Though this heatmap is again subject to the limitations of randomized cribs, we can still observe interesting patterns.

For instance, as expected, even a single 5 thrown to the crib results in a high crib EV. Some red-orange spikes can be seen through the entire heatmap on the row and column corresponding to 5, and throwing two 5s results in by far the highest expected crib EV out of every possible pair of cards to throw.

There exists a cluster of higher crib EVs for pairs of discards such that both discard ranks are \(\le 5\), likely due to the potential of those discards to make 15s with any 10 or face-card that ends up in the crib. Interestingly, though the Ace and the King are equally rare for presence in runs, the fact that an Ace can be combined with other cards to make many 15s is likely why contributing an Ace to the crib will generally result in higher EV than a King.

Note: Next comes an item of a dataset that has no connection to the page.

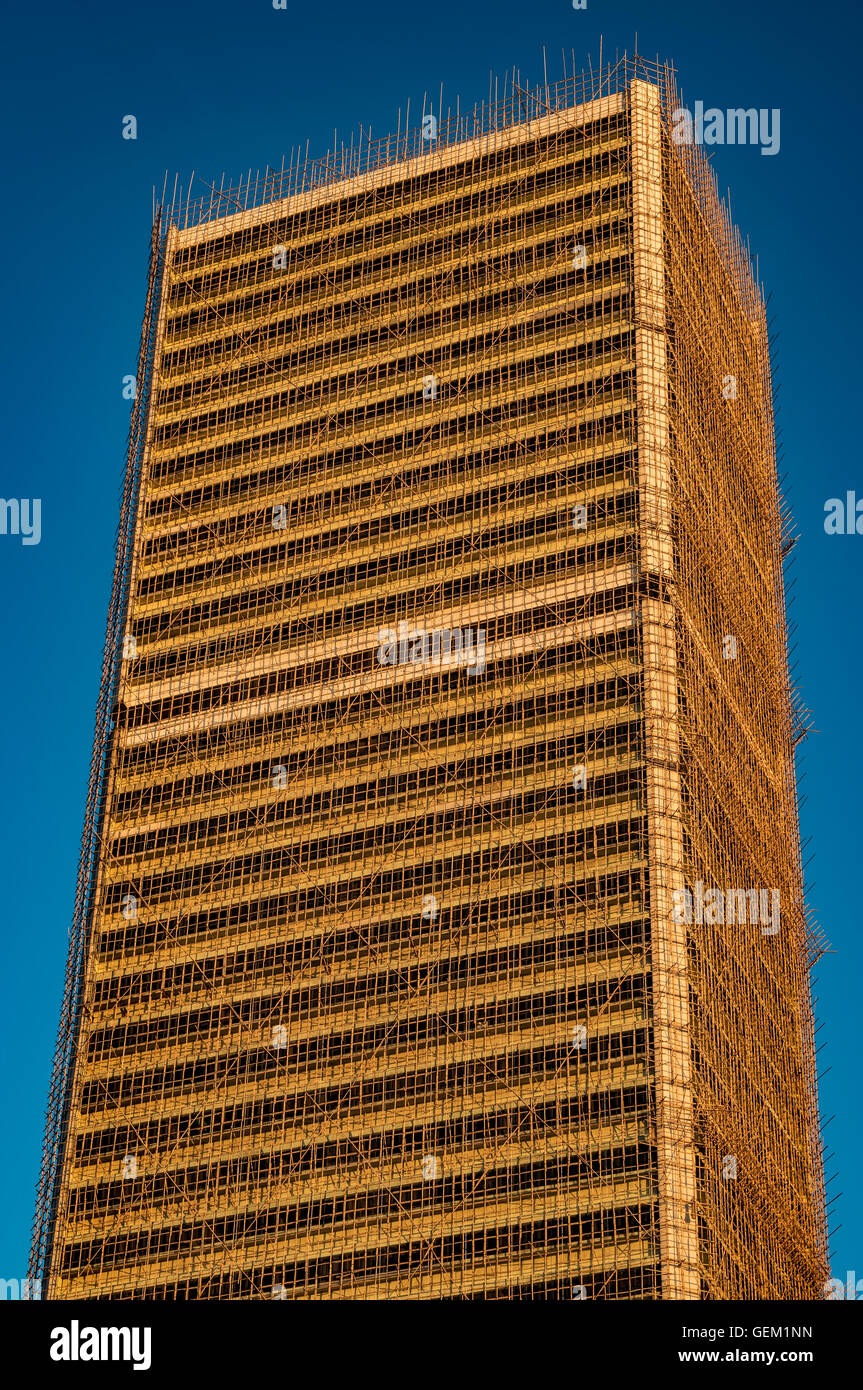 Entire building covered with bamboo scaffolding, Hong Kong, China. Stock Photo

Any thrown pair seems to do well in the crib, as can be seen by the red line down the diagonal. Likewise, any guaranteed 15 (7 + 8, 6 + 9, etc.) also does well. Guaranteeing some points appears to do better, on average, than cards that “might” do well in the crib.

Crib Value Distribution Histogram

In this histogram, we can observe that most discarded pairs yield an EV of roughly 4 points in a randomized crib, with essentially zero in the 8-ish point range, and a few discarded pairs in the 9-ish point range. Neat!